Pick a starting integer x₀ (your choice) in {1, 2, ... , m - 1}.
Generate a sequence of real numbers u_i by:

$x_{i} &= a * x_{i-1} \mod m \\ u_{i} &= x_{i}/m$

Report Description¶

Exercise 1. Linear Congruential Generators

Write a function rng that implements a linear congruential generator with the values a = 427419669081, m = 999999999989.
Write a function randu that implements a linear congruential generator with the values a = 2 ¹⁶ + 3, m = 2 ³¹.
Test the linear congruential generators in your rng and randu functions, and the generator in numpy.random.rand for (i) uniformity, and (ii) lack of (coarse-scale) successive pair correlation.

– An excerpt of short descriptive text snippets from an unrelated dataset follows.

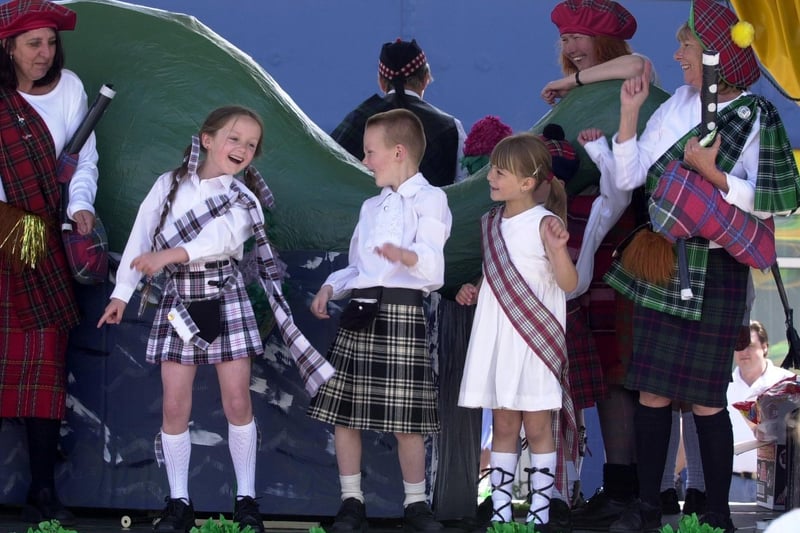 Youngsters enjoying a dance routine on the Pudsey Waterloo Infant School float in May 2004.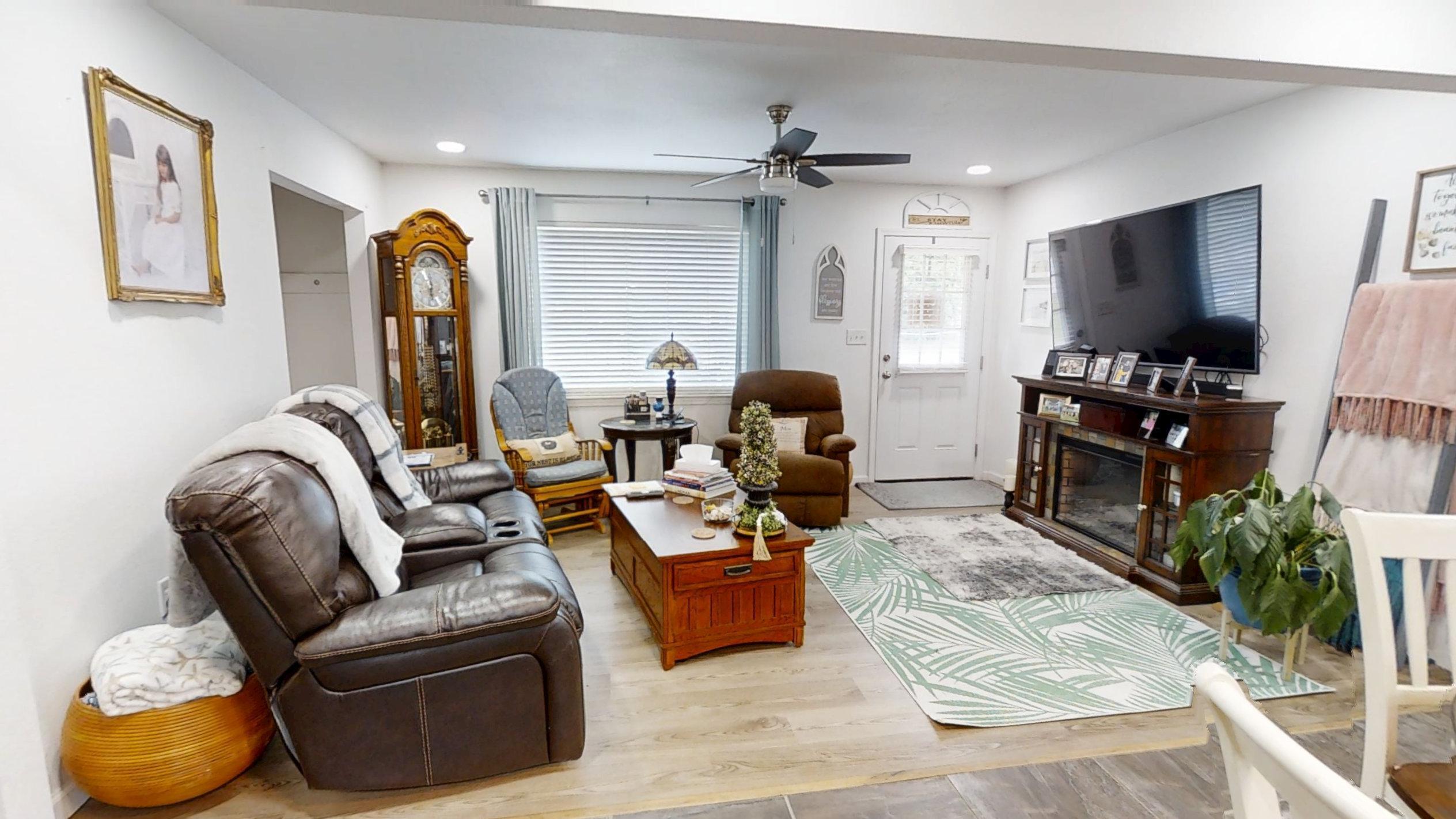 1202 Sunshine Drive Crestview, FL 32539 - Photo 22 of 38 a living room with furniture and a flat screen tv
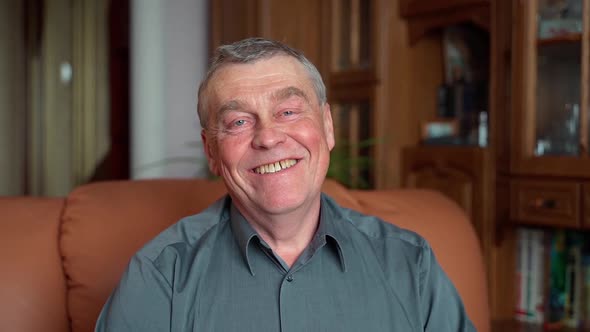 Slow motion close up shot of senior man looking at camera smiling at home indoors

Exercise 2. Estimate the Value of Pi

Use Monte Carlo Integration to estimate the area of a circle of radius 1 (which gives us an estimate of the value of pi).

Exercise 3. Bernoulli Random Variables

In a game of tennis, Serena has a 60% probability to win any given point against Venus. Games are won by the first player to get to 4 points.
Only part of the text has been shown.